Advantages of group work include the efficiency of benefit to multiple group members of one member’s session. Often, the participants who play roles in a session or those in the non-participating audience find their issues getting triggered during someone else’s session. Also, participants benefit from the modeled social learning provided by observing other members’ coping strategies, resilience and triumphs.
Dream work is an ideal way to access the deep unconscious. In our dreams, the lowest parts of ourselves—the shadows, unacknowledged urges and unexpressed emotions—speak to us. So do the highest parts of ourselves—the denied aspirations, spiritual yearning and wise acceptance of life’s conflicts. Often, however, we need a supportive forum and a skilled facilitator to make sense of the messages our dreams are offering. In hypnotherapy or hypnotic psychodrama, we can invite those symbolic dream images to speak for themselves, just like we do with a sensation or symptom in the body: “Give it a voice and let it speak.” Then they take on a life of their own, no longer constricted to the exact script of the dream, but opened up to a dialogue with the individual whose unconscious presented him with the dream in the first place. Who better to elaborate the meaning and message of these dream figures than the one whose mind presented them? Not the therapist, and not a book on dream symbols. Probably not the everyday, conscious mind of the client either; the magic of working with dreams in this hypnotic trance state is the access it provides to the part of the mind which created and offered the dream in the first place, the client’s unconscious.

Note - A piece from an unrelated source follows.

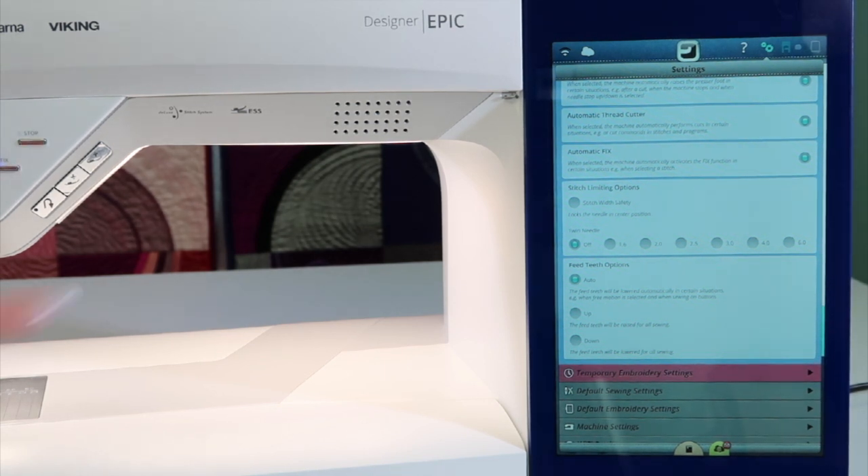Enjoy all these fabulous features. In the settings, you can set this machine for the way you sew, and everybody can have different settings.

Sometimes a traumatic event is so intrusive and devastating that the ego experiences it as overwhelming. The threat is greater and the response is to create a more divisive split. As with the previous example of the child trapped alone in the house, this typically happens because options for physically getting to safety are not available, as can occur in war, natural disasters or the situation of adults abusing the children in their care, since children (as dependents) need to keep living with their caretakers. In this sort of instance, the “other” that is created cannot stay connected with the victim’s ego, serving as an ally like the shadow did. It must retreat deeper within, to unconscious levels.
Let’s return to the example of the abused child. As the soul begins to split away from control of some aspect of the ego or personality, that fragment of the personality is forced to align itself with something else to run the show…and it connects with someone “bigger than life” to try creating safety and to meet basic needs. We use the analogy of “running away to the circus” to describe this need. The aspect of the child created in this manner is called a complex and it has a core of the child’s essence, but it also has a much more forceful identity borrowed from circus characters from the “collective unconscious,” a term coined by Carl Jung. The personal unconscious is a gathering of experiences unique to each individual, while the collective unconscious collects and organizes those experiences that are common to all of us. The trauma state associated with this complex is much more autonomous from the ego than any shadow, so when it appears, it explodes into activation—suddenly, unexpectedly and with power. It “possesses” the individual and compels the ego to comply. The ego gives in immediately because the arrangement is intended to insure safety and survival. And for those who developed the complex as children, it’s been in place for as long as they can remember, in most cases.